ローザリンデは、己の推しであるプリンス・サファイアを求めて、本社直営物販でしか買えない限定のアクリルキーホルダーを、20個も爆買いしたというのに。…物欲センサー、とでも言うべきか。サファイアのお迎えは、全く叶わなかった。なので、物販の横に設置されていた、公式のトレーディングスペースに入って、サファイアと求めるのと、その代わりに譲るキャラクターの名前をボードに書いて、待っていた。交換に応じてくれる、運命のひとが現れてくれるのを。…だが、プリンス・サファイアは、ヒーロー側では最も人気が高いキャラクターで、当然、レートもハイクラス。交換とは言え、それに応じてくれるひとは、見つからない状態だった。

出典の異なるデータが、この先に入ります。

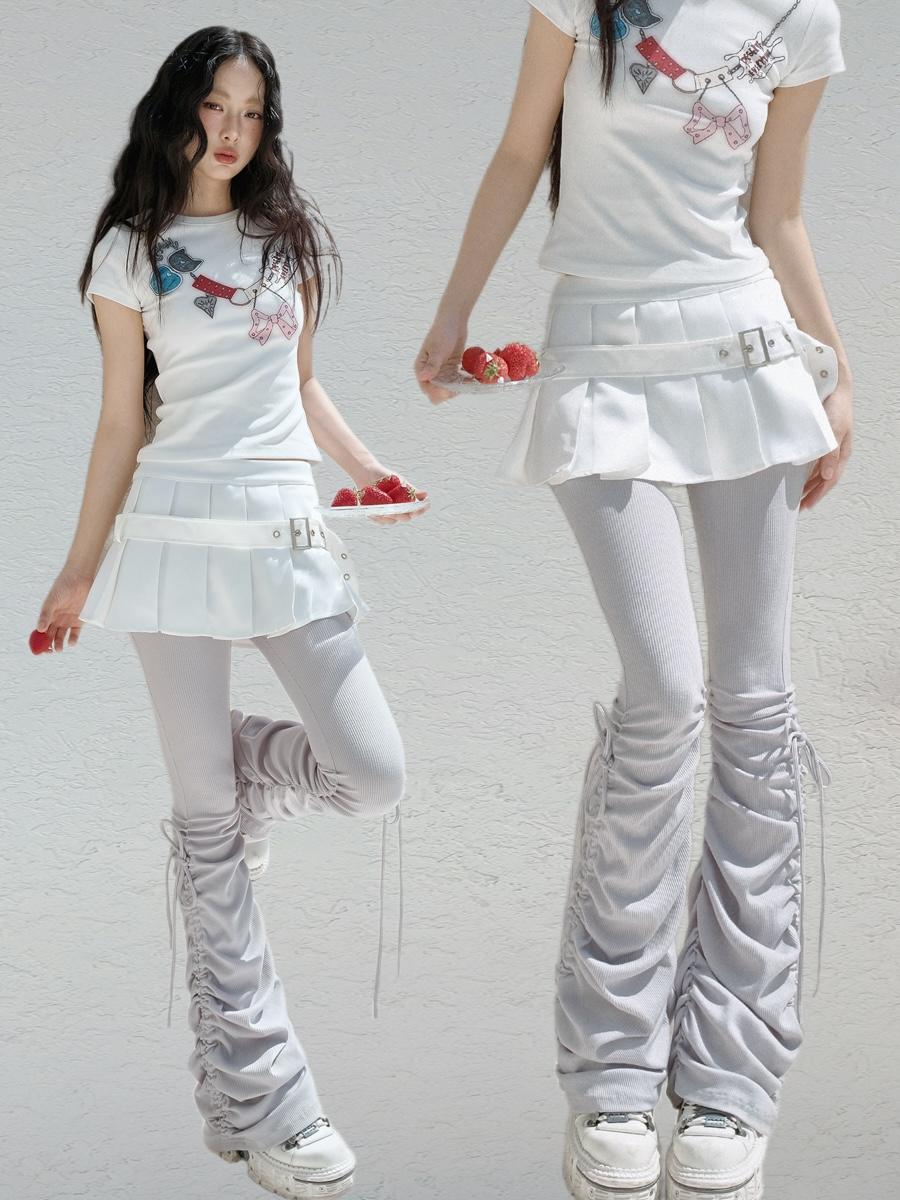 NO NUTS Layered Candybelt Strappy Flare Skirt Pants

(せっかく、他のグッズ諦めて、アクキー20個も買ったのにさ…)
ローザリンデは胸中で、そうボヤく。
実はローザリンデは、この物販に赴く必要はない存在だった。実兄の凌士が、昨年の春に、テイスワート家の家督を継いだと共に。先代となった父から、ROG. COMPANYの株の全ても、譲って貰っているのだ。それにより晴れて、兄は筆頭株主となった。その恩恵として、ROG. COMPANYで取り扱っている商品のいくつかを、会社から直接、送り届けて貰ったり、格安で購入出来たりすることが可能となった。
その凌士は、直営物販に赴こうとする、愛する妹へ、こう言った。「欲しいものがあるなら、僕がROG. COMPANYに言って、届けさせてもいいんだよ?」と。
だが、ローザリンデは首を横に振った。あの会社の筆頭株主は、あくまで凌士だ。自分ではない。ならば、それは恩恵ではなく、甘い汁を啜っているだけ。…ローザリンデにとっては、「ズル」にカウントされる行為だった。
それに、自分が欲しいと思ったものは、自分の手で掴み取りたい。
テイスワートという名家の令嬢に生まれたローザリンデは、幼い頃から、何でも与えられてきた。だが、向こうから勝手に与えられるだけ。自分から望んで、何かを強請った記憶は、数えるほどしかない。
通っている星ノ河大学への進学を決めたのだって、「あのテイスワート家のご息女ならば」と、本土にある超級の某国立大学側から、特待生としての枠を用意されそうになったのを、ローザリンデ自身が、必死になって止めたから。
何でも与えられる贅沢は知っているし、恵まれきった立場にあることも、重々理解している。だが、そこに胡坐をかいて、少しでもラクな人生を歩もうとしないのが、ローザリンデがローザリンデたるプライドであり、彼女が持つ絶対的な品格の現れだった。
例え、それが。推しのグッズひとつの話であっても。
否、推しのプリンス・サファイアの限定グッズだからこそ。自らの手を伸ばして、手に入れたい。誰かに与えられるだけでは、ローザリンデにとって、それは無価値なアクリル製の板でしかないのだ。
だが、そうと勇んで。やってきたローザリンデを待っていたのは、余りにも非情な現実だった。
物欲センサー発動にて大爆死をかました挙句。交換には誰も応じてはくれない。…此処は、ヒルカリオ。そして、ローザリンデは、この島にある星ノ河大学の現役学生。見るひとが見れば、分かる。「あれは、あのローザリンデ・テイスワート嬢だ」と。そうでなくても、「とんでもない美人すぎて、話しかけづらい」と思っている者もいる。
結局、誰も彼も。ローザリンデの上辺や、肩書きしか見てくれないでいる。
これ以上、この場の噂の種になる気もないし、もう諦めて帰るしかないか…、と、ローザリンデがボードを片付けようとしたときだった。
「あの…、私の引いたサファイア様で良ければ、お譲りします…」
控えな声。だが、よく耳に通る声。振り向けば、そこに立っていたのは、幼い顔立ちに不相応な身長とバストを持った、聖クロス学園の制服を着た少女だった。―――15歳のツバサである。
「え、…よ、よろしいのでしょうか?」
思わず、『素の方』が出そうになったローザリンデだったが。グッと堪えて、令嬢モードをキープする。聞き間違えでなければ、彼女は「サファイアを譲る」と言ってくれた…?
「はい…。私、自分の最推しは引けたので。他の子たちの行く宛てがあるのなら、ぜひ、お譲りしたいって思ってて…。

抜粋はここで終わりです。